"The Passenger" e a falacia do pensamento impróprio

A alguns dias atrás fui pego de surpresa, em um dia comum, estava tudo bem normal e ridículo como de costume. Acordei com uma forte dor de cabeça, mesmo assim levantei, tomei café frio e escovei os dentes olhando para o idiota do reflexo.

Me puis a escrever para um trabalho do mundo acadêmico, o interminável academicismo, com cara de frustração mútua. Fiquei ali sem almoçar e me sentindo um nada que escrevia história frouxa. E escrevia bastante, bastante asneira, cheia de subjetividade e coisas que saem de mim para serem julgadas por outro ser e suas coisas. Redigi sobre um mundo diferente e seus embaralhos num contexto pós moderno que não se encaixa em nada, e assim ninguém se encaixa nele também. "Pós-modernismo não é o que você pensa" um apanhado de conclusões sobre os precipícios sociais, algo sufocante para as intempéries do que é, e o que não é real, e reflexivo para um adentro social da vida de um desajustado que não entende o corpo.

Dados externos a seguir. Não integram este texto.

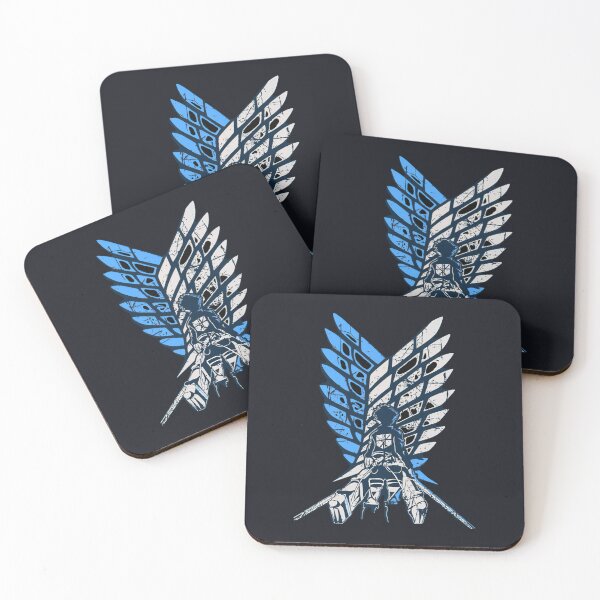 Item preview, Freedom Wings Warrior – Minimal Anime Military Symbol Design designed and sold by PosterFuel.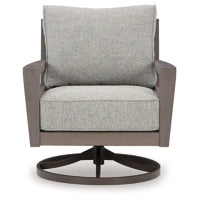 Load image into Gallery viewer, Hillside Barn Outdoor Swivel Lounge with Cushion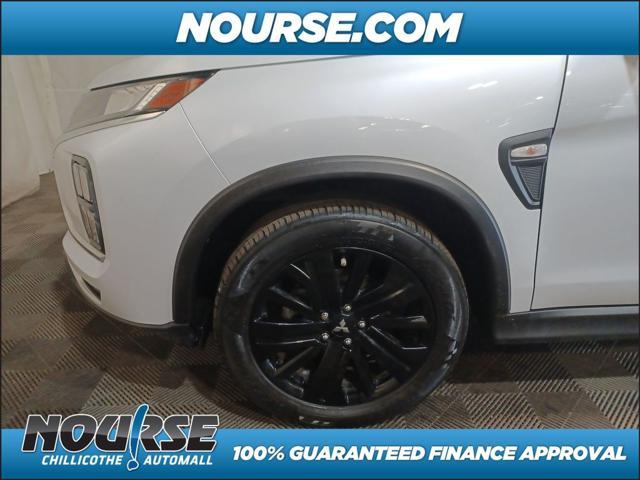 used 2022 Mitsubishi Outlander Sport car, priced at $17,333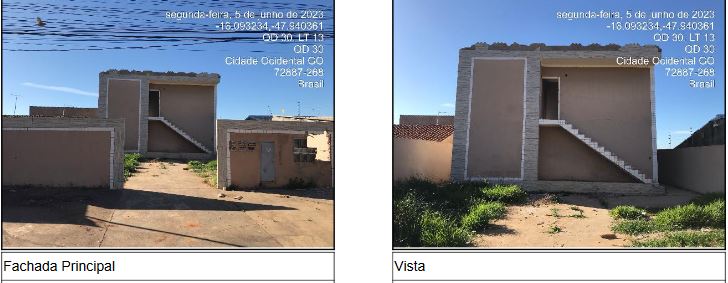 Apartamento da Caixa em CIDADE OCIDENTAL / GO - 8444417784997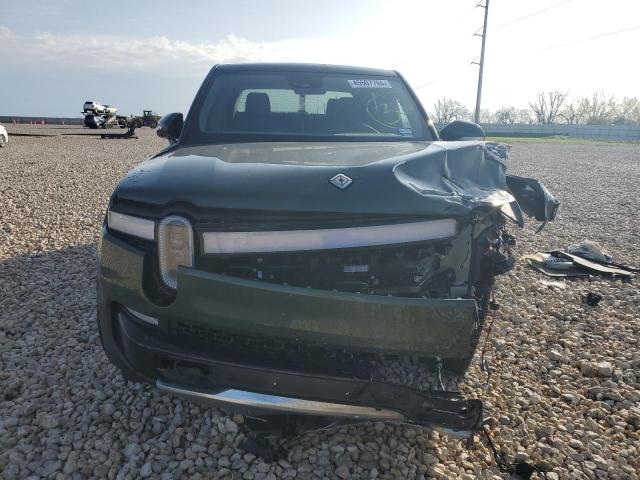 7FCTGAAA4PN020149 - 2023 RIVIAN R1T ADVENTURE GREEN photo 5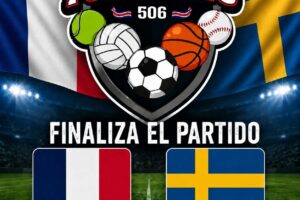 Avanza Francia en el mundial.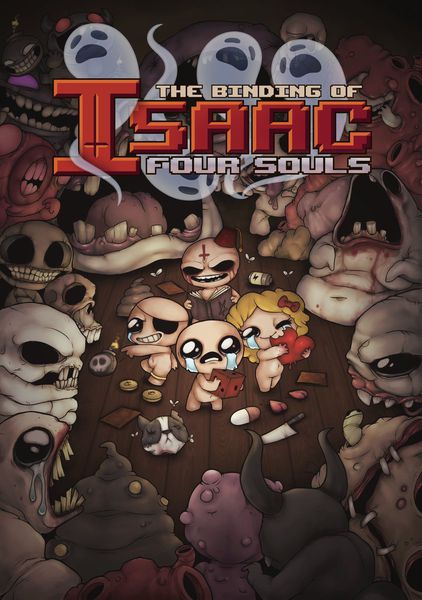 The Binding of Isaac Four Souls image 2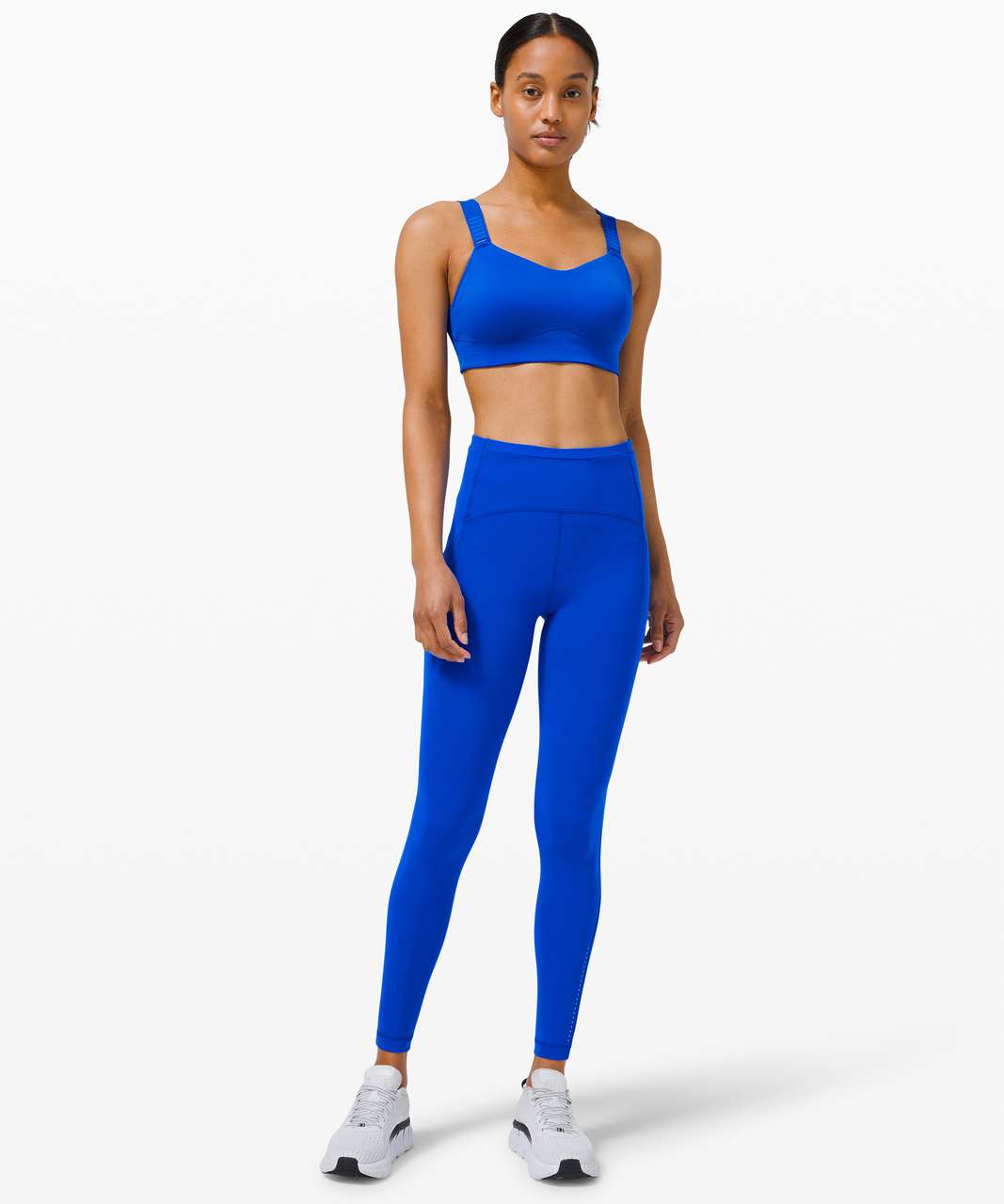 Lululemon Swift Speed Bra *High Support, A–E Cups - Cerulean Blue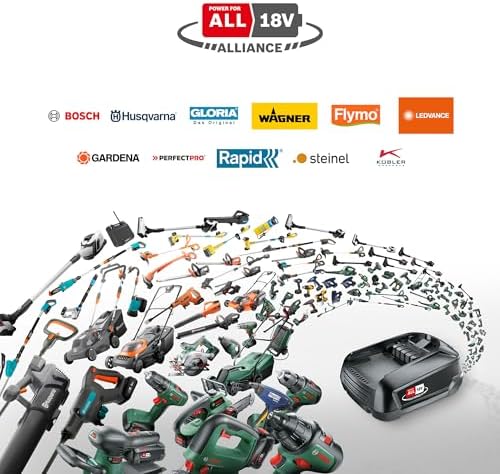 Vue 2 de Bosch Taillehaies Sans Fil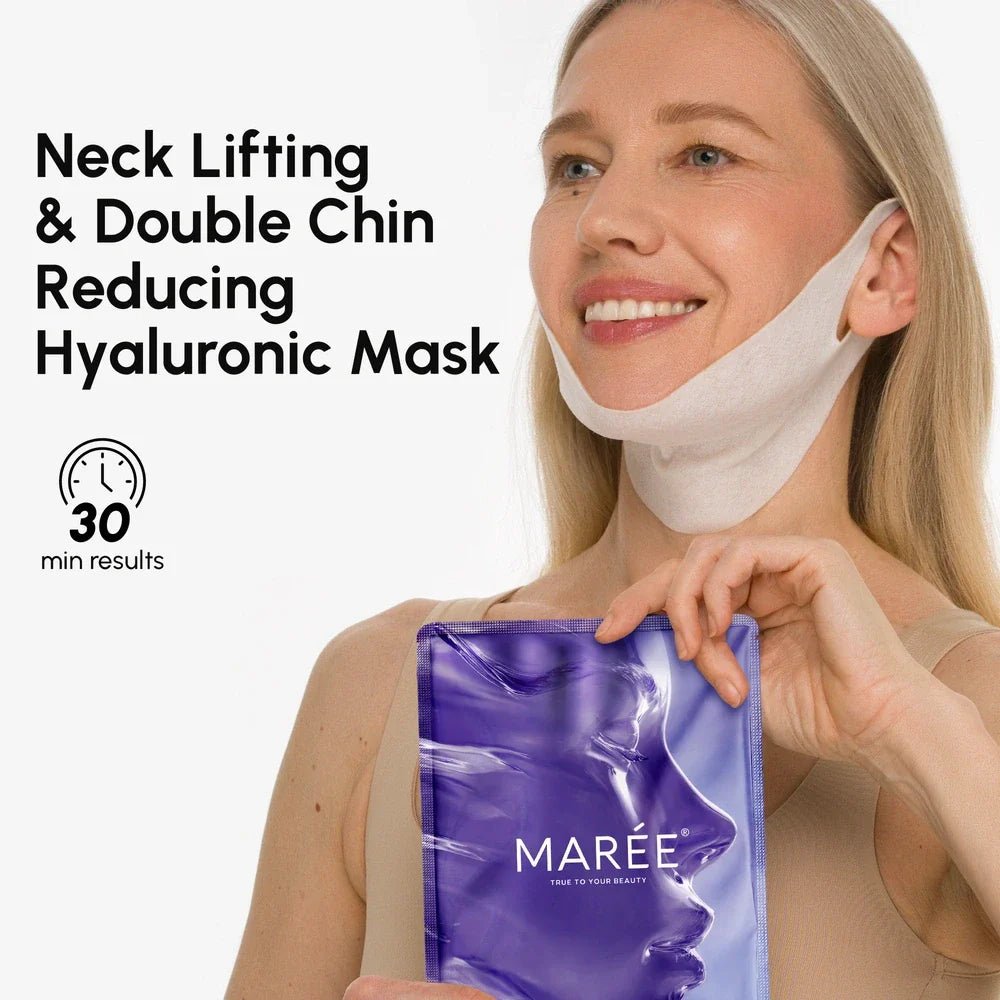 Hyaluronic Acid V-line Lifting Mask - SNMShop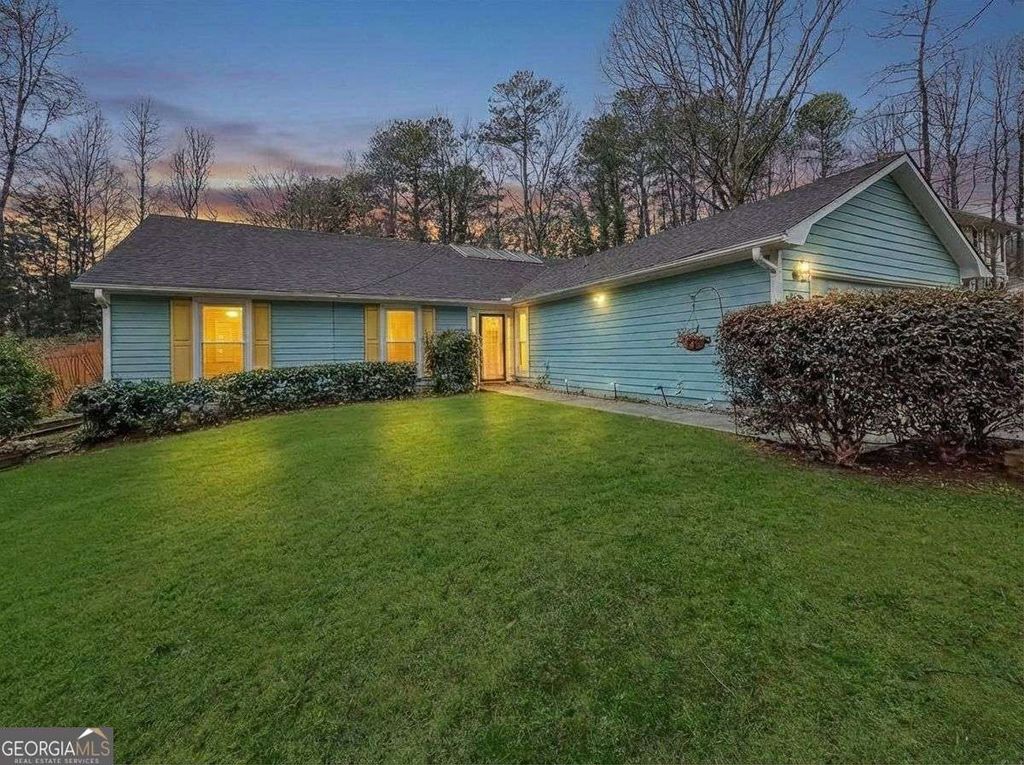 Photo of 3682 Cedar Corners Place, Peachtree Corners, GA 30092 (MLS # 10686271)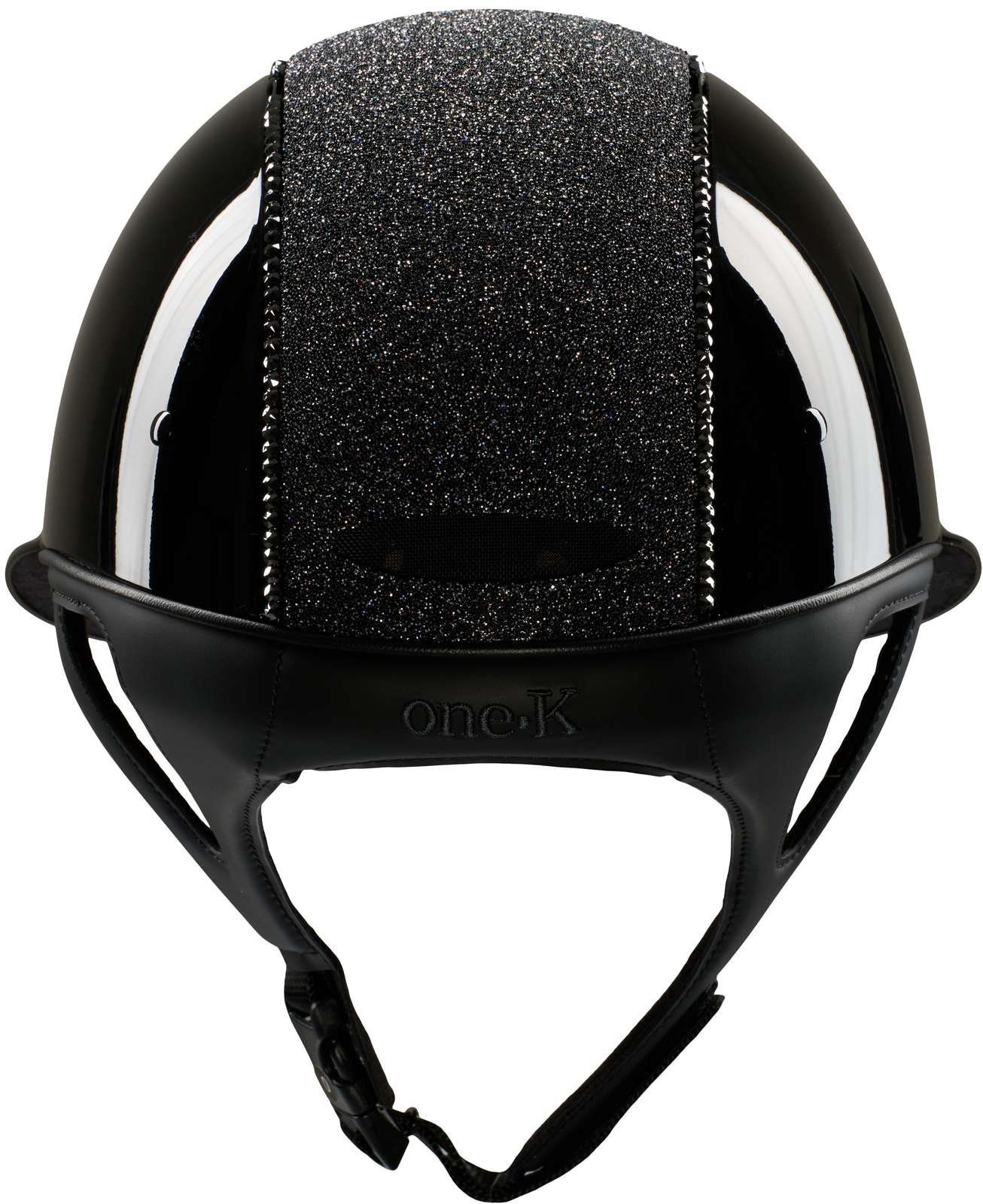 One∙K MIPS Avance - Black Gloss Glitter Top met Swarovski Piping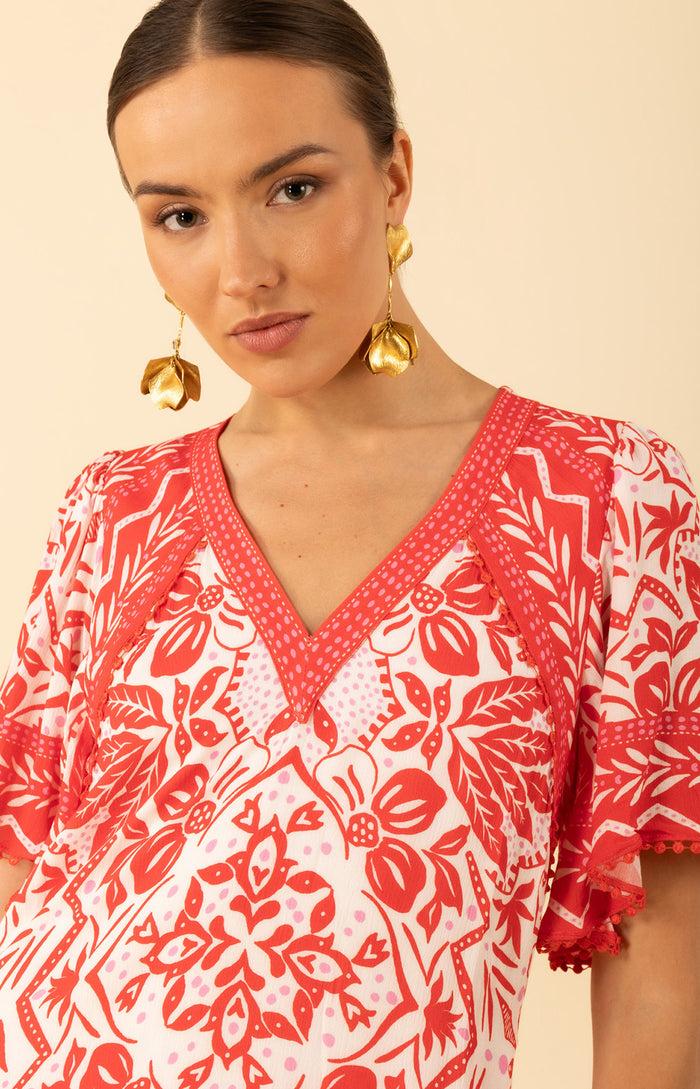 Hale Bob Aliya Dress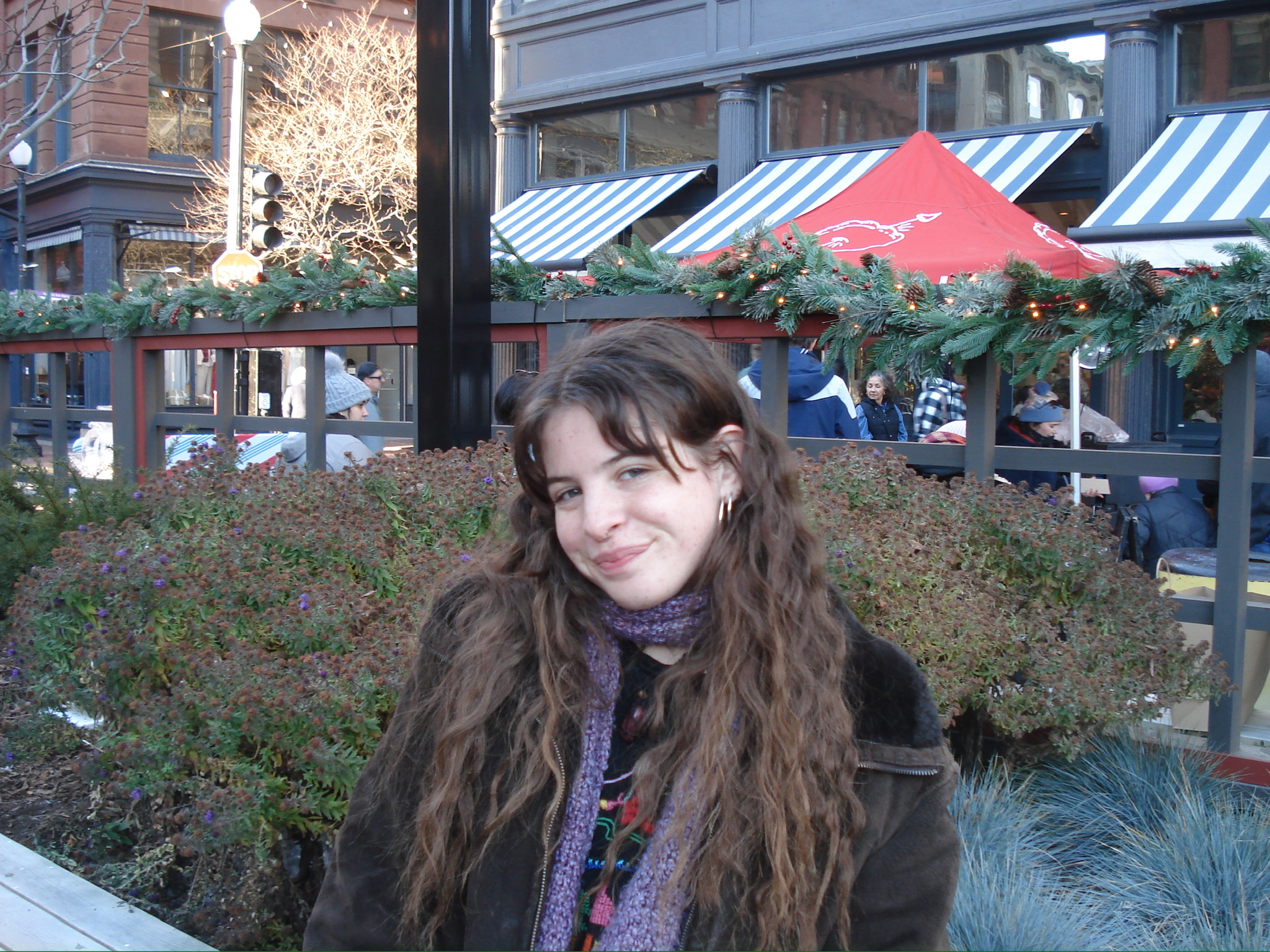 Image of the author; Peyton Weinberg
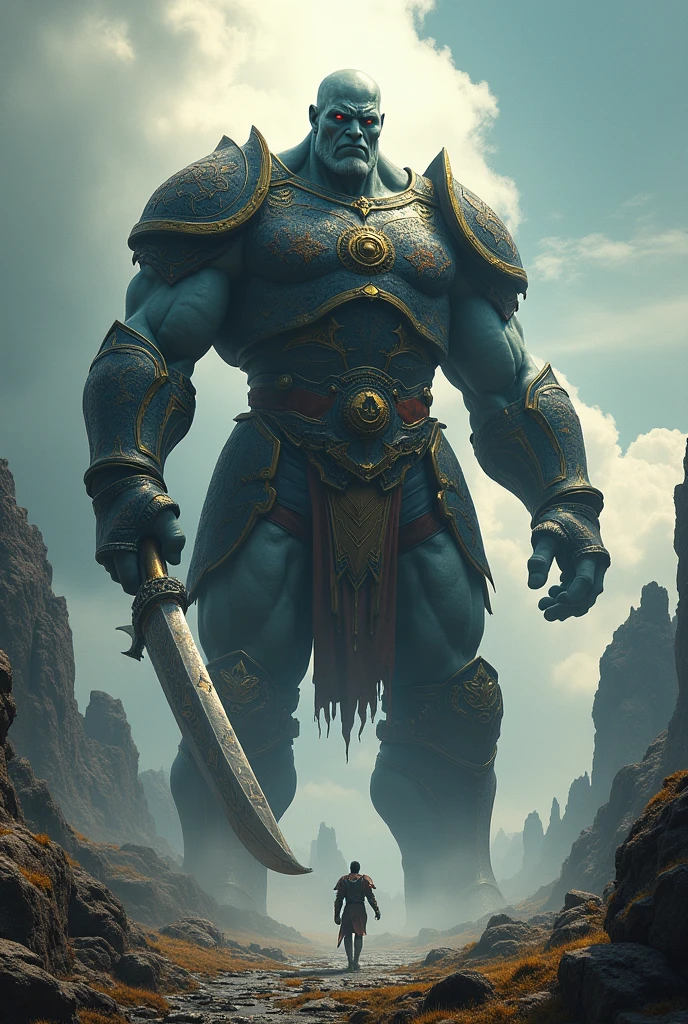 The giant warrior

Escrevendo e pausando por pausar, fui coagulando questionamentos: Bem, talvez eu seja pós-moderno? Ou talvez eu seja moderno? Ou quem sabe eu não seja nada? Nem pensava muito sobre minhas concepções na sociedade, eu estava preocupado com alguns problemas que perturbam todos. Como os engajamentos de uma vida cotidiana nas cidades do interior paulista, aceitação inócua de capacitações temporais, ultrapassagem de conturbações sobre complicações juvenis, não cair ao atravessar a rua... Esse tipo de coisa.

Assim eu escrevi até me cansar, mas sem conseguir chegar a um fim. Entregaria o trabalho mesmo assim.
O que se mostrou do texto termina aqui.